- ABOUT THIS EXERCISE
Exactly as they appear, output all of the entries.
★ ★ ★ ★ ★
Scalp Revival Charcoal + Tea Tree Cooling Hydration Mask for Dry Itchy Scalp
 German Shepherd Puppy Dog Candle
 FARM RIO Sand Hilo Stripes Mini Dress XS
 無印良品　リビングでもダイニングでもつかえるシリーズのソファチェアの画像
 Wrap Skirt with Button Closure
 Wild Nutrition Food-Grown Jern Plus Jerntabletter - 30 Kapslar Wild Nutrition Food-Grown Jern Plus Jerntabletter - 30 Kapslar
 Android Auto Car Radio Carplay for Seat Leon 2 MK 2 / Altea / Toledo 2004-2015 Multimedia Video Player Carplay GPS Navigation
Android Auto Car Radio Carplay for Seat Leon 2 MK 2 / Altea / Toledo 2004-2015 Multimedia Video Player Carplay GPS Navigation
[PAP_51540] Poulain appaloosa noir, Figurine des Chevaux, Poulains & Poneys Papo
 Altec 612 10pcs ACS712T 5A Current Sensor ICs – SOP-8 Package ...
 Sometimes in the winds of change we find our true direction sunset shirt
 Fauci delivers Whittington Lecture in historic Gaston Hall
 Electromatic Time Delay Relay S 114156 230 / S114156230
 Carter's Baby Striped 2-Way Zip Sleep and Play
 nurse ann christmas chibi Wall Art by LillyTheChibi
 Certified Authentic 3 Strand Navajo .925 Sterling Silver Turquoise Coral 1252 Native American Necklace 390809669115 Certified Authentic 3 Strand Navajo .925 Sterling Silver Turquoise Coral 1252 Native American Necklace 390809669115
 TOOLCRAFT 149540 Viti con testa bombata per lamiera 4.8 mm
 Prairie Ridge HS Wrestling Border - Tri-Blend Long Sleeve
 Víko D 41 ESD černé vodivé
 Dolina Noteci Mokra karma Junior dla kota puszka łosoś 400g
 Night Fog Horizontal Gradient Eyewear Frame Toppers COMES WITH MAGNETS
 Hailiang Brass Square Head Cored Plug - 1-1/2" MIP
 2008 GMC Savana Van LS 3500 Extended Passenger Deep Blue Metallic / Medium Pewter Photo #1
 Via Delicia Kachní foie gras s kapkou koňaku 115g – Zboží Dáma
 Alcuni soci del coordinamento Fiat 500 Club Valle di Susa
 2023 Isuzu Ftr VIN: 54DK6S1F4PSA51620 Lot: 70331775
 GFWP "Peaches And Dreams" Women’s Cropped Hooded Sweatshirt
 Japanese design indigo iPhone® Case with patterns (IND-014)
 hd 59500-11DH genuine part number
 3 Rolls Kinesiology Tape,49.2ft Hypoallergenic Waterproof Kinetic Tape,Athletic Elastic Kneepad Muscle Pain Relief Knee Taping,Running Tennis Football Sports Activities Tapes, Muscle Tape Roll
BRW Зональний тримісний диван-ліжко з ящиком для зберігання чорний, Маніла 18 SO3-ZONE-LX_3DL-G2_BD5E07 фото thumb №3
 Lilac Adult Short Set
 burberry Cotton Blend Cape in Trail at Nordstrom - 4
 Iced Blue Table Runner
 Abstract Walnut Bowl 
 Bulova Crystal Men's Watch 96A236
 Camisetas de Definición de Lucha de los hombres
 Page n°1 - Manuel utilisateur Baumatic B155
★ ★ ★ ★ ★
- RESULT BELOW
Scalp Revival Charcoal + Tea Tree Cooling Hydration Mask for Dry Itchy Scalp
 German Shepherd Puppy Dog Candle
 FARM RIO Sand Hilo Stripes Mini Dress XS
 無印良品　リビングでもダイニングでもつかえるシリーズのソファチェアの画像
 Wrap Skirt with Button Closure
 Wild Nutrition Food-Grown Jern Plus Jerntabletter - 30 Kapslar Wild Nutrition Food-Grown Jern Plus Jerntabletter - 30 Kapslar
 Android Auto Car Radio Carplay for Seat Leon 2 MK 2 / Altea / Toledo 2004-2015 Multimedia Video Player Carplay GPS Navigation
Android Auto Car Radio Carplay for Seat Leon 2 MK 2 / Altea / Toledo 2004-2015 Multimedia Video Player Carplay GPS Navigation
[PAP_51540] Poulain appaloosa noir, Figurine des Chevaux, Poulains & Poneys Papo
 Altec 612 10pcs ACS712T 5A Current Sensor ICs – SOP-8 Package ...
 Sometimes in the winds of change we find our true direction sunset shirt
 Fauci delivers Whittington Lecture in historic Gaston Hall
 Electromatic Time Delay Relay S 114156 230 / S114156230
 Carter's Baby Striped 2-Way Zip Sleep and Play
 nurse ann christmas chibi Wall Art by LillyTheChibi
 Certified Authentic 3 Strand Navajo .925 Sterling Silver Turquoise Coral 1252 Native American Necklace 390809669115 Certified Authentic 3 Strand Navajo .925 Sterling Silver Turquoise Coral 1252 Native American Necklace 390809669115
 TOOLCRAFT 149540 Viti con testa bombata per lamiera 4.8 mm
 Prairie Ridge HS Wrestling Border - Tri-Blend Long Sleeve
 Víko D 41 ESD černé vodivé
 Dolina Noteci Mokra karma Junior dla kota puszka łosoś 400g
 Night Fog Horizontal Gradient Eyewear Frame Toppers COMES WITH MAGNETS
 Hailiang Brass Square Head Cored Plug - 1-1/2" MIP
 2008 GMC Savana Van LS 3500 Extended Passenger Deep Blue Metallic / Medium Pewter Photo #1
 Via Delicia Kachní foie gras s kapkou koňaku 115g – Zboží Dáma
 Alcuni soci del coordinamento Fiat 500 Club Valle di Susa
 2023 Isuzu Ftr VIN: 54DK6S1F4PSA51620 Lot: 70331775
 GFWP "Peaches And Dreams" Women’s Cropped Hooded Sweatshirt
 Japanese design indigo iPhone® Case with patterns (IND-014)
 hd 59500-11DH genuine part number
 3 Rolls Kinesiology Tape,49.2ft Hypoallergenic Waterproof Kinetic Tape,Athletic Elastic Kneepad Muscle Pain Relief Knee Taping,Running Tennis Football Sports Activities Tapes, Muscle Tape Roll
BRW Зональний тримісний диван-ліжко з ящиком для зберігання чорний, Маніла 18 SO3-ZONE-LX_3DL-G2_BD5E07 фото thumb №3
 Lilac Adult Short Set
 burberry Cotton Blend Cape in Trail at Nordstrom - 4
 Iced Blue Table Runner
 Abstract Walnut Bowl 
 Bulova Crystal Men's Watch 96A236
 Camisetas de Definición de Lucha de los hombres
 Page n°1 - Manuel utilisateur Baumatic B155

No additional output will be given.